(YOUR TASK) Word for word, set down every line of the entries below from the line with "Malindi Stadt. Detail" to the line with "C4 2010-2015 передний", including both, and no other line.

(TASK MATERIAL)
====================

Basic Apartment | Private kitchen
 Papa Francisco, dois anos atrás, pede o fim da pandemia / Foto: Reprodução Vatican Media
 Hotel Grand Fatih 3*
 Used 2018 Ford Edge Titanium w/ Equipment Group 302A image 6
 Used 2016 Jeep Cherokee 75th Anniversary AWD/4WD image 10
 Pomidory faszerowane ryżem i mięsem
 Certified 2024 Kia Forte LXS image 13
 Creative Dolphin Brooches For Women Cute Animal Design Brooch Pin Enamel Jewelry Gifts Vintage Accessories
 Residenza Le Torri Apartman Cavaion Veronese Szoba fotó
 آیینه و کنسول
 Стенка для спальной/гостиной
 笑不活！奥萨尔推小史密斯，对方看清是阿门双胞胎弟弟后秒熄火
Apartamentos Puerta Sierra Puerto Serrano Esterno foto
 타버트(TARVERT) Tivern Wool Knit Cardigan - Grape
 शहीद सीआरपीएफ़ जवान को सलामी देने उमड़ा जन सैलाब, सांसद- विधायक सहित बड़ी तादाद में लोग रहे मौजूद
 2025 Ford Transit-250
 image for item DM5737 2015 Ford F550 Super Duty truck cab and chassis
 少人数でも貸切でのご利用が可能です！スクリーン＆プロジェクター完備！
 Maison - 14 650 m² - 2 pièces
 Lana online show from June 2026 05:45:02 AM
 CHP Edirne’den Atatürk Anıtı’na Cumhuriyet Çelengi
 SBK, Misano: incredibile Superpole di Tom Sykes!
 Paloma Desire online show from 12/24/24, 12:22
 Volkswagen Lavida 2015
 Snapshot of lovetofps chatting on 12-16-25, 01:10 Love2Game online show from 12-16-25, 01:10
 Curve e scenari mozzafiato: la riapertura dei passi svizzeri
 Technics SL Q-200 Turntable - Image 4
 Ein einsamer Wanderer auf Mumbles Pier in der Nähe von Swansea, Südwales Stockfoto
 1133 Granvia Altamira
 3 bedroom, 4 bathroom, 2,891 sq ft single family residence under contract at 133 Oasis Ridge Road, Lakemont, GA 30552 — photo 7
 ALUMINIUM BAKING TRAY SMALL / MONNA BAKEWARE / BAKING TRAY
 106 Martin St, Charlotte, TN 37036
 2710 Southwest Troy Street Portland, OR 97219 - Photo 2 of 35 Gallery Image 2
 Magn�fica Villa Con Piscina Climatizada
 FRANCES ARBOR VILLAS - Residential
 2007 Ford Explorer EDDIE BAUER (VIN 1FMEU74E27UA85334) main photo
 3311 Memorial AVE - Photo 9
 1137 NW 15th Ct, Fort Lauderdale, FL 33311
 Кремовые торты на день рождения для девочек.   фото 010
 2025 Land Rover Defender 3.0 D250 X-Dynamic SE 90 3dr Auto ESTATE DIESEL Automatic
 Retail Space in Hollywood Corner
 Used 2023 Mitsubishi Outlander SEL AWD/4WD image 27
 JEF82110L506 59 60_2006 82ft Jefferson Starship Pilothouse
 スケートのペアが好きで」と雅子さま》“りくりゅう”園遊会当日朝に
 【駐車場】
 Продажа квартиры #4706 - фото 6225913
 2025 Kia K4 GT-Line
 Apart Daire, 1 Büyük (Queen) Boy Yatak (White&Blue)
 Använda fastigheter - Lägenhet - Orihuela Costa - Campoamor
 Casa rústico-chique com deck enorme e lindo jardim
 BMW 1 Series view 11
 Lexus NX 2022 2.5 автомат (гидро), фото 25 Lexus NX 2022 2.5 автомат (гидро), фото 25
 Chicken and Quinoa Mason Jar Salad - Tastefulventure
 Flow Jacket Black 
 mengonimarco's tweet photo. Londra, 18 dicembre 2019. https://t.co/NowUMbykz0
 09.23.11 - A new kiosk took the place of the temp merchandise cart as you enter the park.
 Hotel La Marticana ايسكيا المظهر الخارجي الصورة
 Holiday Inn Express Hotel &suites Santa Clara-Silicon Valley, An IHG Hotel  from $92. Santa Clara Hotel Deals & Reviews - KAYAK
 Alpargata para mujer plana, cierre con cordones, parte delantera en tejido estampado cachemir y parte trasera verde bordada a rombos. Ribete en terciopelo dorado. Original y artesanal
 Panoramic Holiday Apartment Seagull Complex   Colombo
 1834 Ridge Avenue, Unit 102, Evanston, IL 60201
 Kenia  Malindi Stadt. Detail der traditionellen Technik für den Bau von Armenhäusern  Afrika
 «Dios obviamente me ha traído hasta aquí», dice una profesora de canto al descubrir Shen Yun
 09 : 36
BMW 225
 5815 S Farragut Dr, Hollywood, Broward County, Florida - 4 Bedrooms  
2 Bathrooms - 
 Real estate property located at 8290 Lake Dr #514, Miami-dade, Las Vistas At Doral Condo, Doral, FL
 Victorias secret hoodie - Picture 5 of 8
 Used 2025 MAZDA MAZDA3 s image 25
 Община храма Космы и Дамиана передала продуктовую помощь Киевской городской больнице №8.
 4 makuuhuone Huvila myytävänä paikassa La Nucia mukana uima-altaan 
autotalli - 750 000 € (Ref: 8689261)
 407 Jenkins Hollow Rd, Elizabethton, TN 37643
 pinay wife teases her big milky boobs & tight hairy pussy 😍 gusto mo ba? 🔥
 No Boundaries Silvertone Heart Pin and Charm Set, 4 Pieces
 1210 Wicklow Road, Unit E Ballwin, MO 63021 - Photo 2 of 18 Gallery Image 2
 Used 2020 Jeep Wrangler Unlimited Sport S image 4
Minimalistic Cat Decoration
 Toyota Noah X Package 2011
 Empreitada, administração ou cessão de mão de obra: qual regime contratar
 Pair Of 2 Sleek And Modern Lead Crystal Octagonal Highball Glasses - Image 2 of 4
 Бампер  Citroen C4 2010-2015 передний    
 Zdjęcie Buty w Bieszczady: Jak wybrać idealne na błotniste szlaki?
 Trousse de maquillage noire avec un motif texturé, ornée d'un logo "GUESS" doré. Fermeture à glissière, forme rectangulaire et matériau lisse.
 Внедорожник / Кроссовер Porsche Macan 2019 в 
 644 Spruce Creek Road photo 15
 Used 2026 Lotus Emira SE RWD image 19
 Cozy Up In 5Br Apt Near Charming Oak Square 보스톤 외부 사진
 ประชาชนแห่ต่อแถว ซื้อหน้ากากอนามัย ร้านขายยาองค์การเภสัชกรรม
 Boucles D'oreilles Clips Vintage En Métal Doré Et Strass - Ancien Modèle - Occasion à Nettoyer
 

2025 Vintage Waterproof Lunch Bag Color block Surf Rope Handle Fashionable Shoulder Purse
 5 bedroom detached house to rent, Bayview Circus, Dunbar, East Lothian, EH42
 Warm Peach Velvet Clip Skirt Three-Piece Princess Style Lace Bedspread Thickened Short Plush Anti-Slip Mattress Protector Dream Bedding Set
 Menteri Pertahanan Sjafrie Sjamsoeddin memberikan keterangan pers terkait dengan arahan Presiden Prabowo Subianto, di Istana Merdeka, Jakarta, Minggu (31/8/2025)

====================

(RESULT OF THE TASK)
 Kenia  Malindi Stadt. Detail der traditionellen Technik für den Bau von Armenhäusern  Afrika
 «Dios obviamente me ha traído hasta aquí», dice una profesora de canto al descubrir Shen Yun
 09 : 36
BMW 225
 5815 S Farragut Dr, Hollywood, Broward County, Florida - 4 Bedrooms  
2 Bathrooms - 
 Real estate property located at 8290 Lake Dr #514, Miami-dade, Las Vistas At Doral Condo, Doral, FL
 Victorias secret hoodie - Picture 5 of 8
 Used 2025 MAZDA MAZDA3 s image 25
 Община храма Космы и Дамиана передала продуктовую помощь Киевской городской больнице №8.
 4 makuuhuone Huvila myytävänä paikassa La Nucia mukana uima-altaan 
autotalli - 750 000 € (Ref: 8689261)
 407 Jenkins Hollow Rd, Elizabethton, TN 37643
 pinay wife teases her big milky boobs & tight hairy pussy 😍 gusto mo ba? 🔥
 No Boundaries Silvertone Heart Pin and Charm Set, 4 Pieces
 1210 Wicklow Road, Unit E Ballwin, MO 63021 - Photo 2 of 18 Gallery Image 2
 Used 2020 Jeep Wrangler Unlimited Sport S image 4
Minimalistic Cat Decoration
 Toyota Noah X Package 2011
 Empreitada, administração ou cessão de mão de obra: qual regime contratar
 Pair Of 2 Sleek And Modern Lead Crystal Octagonal Highball Glasses - Image 2 of 4
 Бампер  Citroen C4 2010-2015 передний    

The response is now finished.